### Supplied data
*** Begin section ***

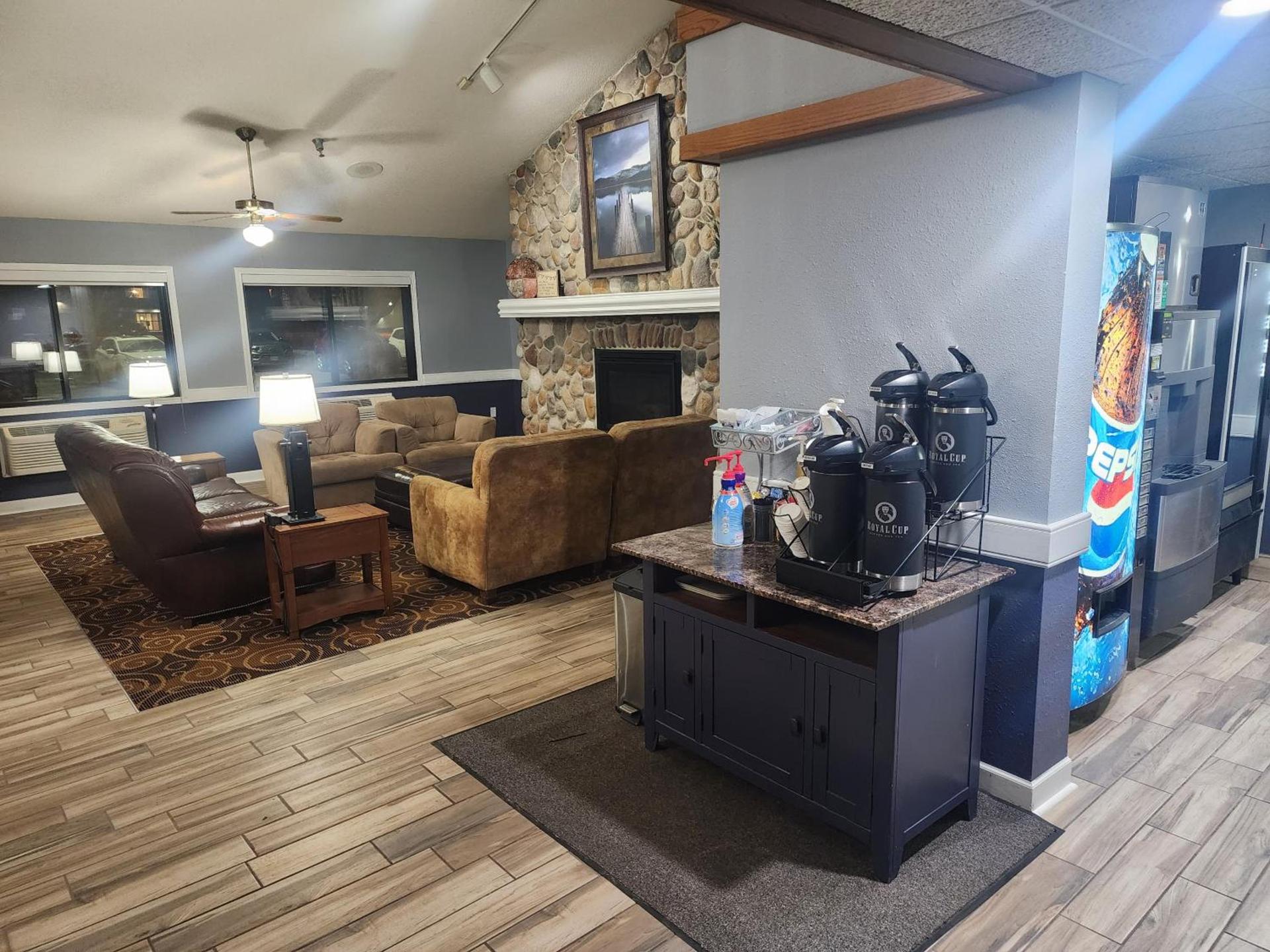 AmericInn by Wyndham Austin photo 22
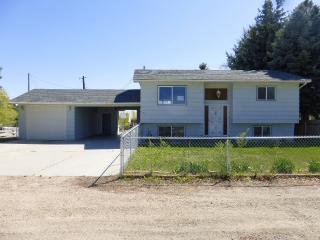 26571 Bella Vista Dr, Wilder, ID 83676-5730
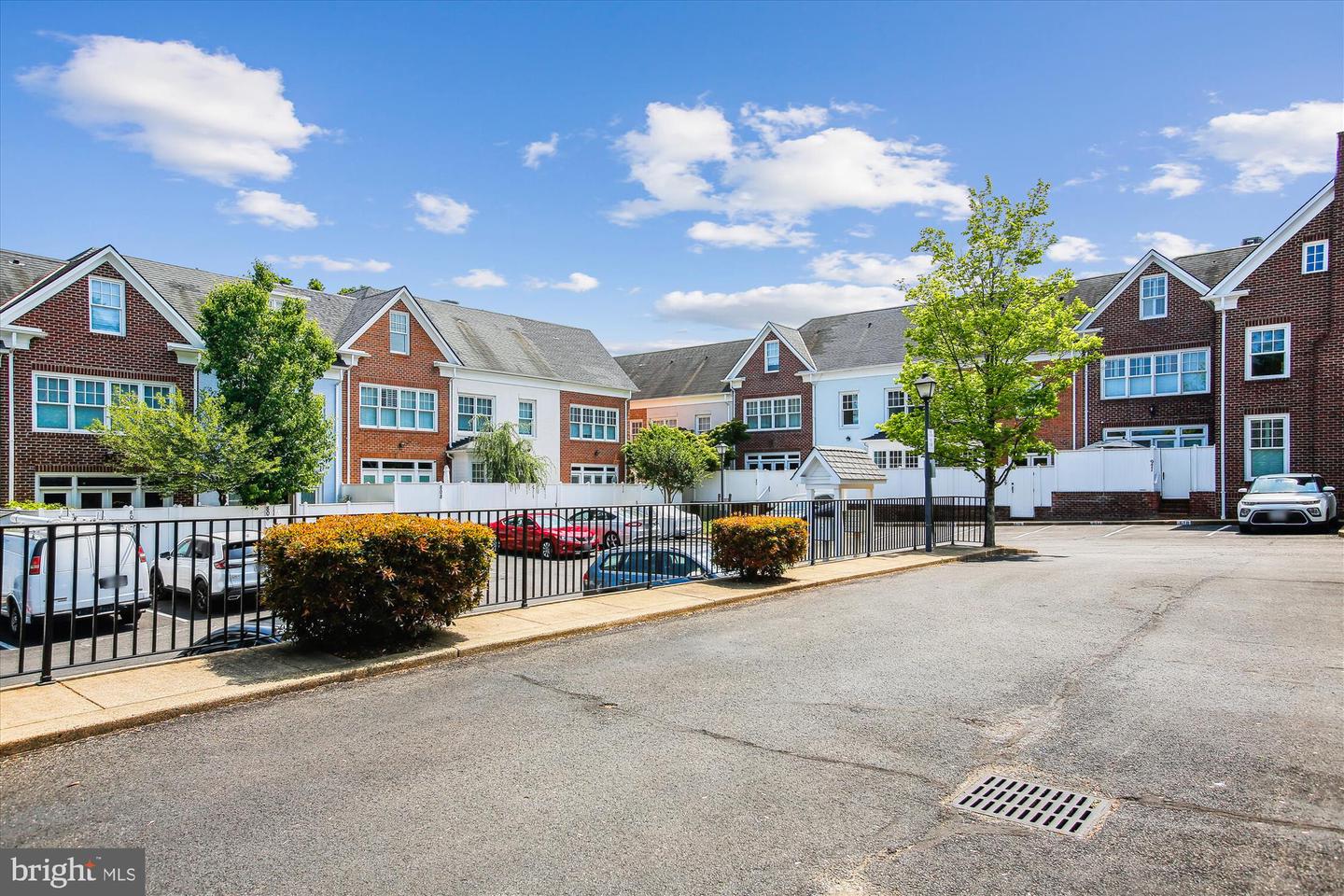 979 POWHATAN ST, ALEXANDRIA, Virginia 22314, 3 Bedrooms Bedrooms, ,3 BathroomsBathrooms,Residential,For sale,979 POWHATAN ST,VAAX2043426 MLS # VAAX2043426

*** End section ***

### What the task requires
When you find the line that contains "26571 Bella Vista Dr, Wilder, ID 83676-5730", retype it and every line after it through the end of the data above, exactly, with no pictures.

### Solution for this problem
 26571 Bella Vista Dr, Wilder, ID 83676-5730
 979 POWHATAN ST, ALEXANDRIA, Virginia 22314, 3 Bedrooms Bedrooms, ,3 BathroomsBathrooms,Residential,For sale,979 POWHATAN ST,VAAX2043426 MLS # VAAX2043426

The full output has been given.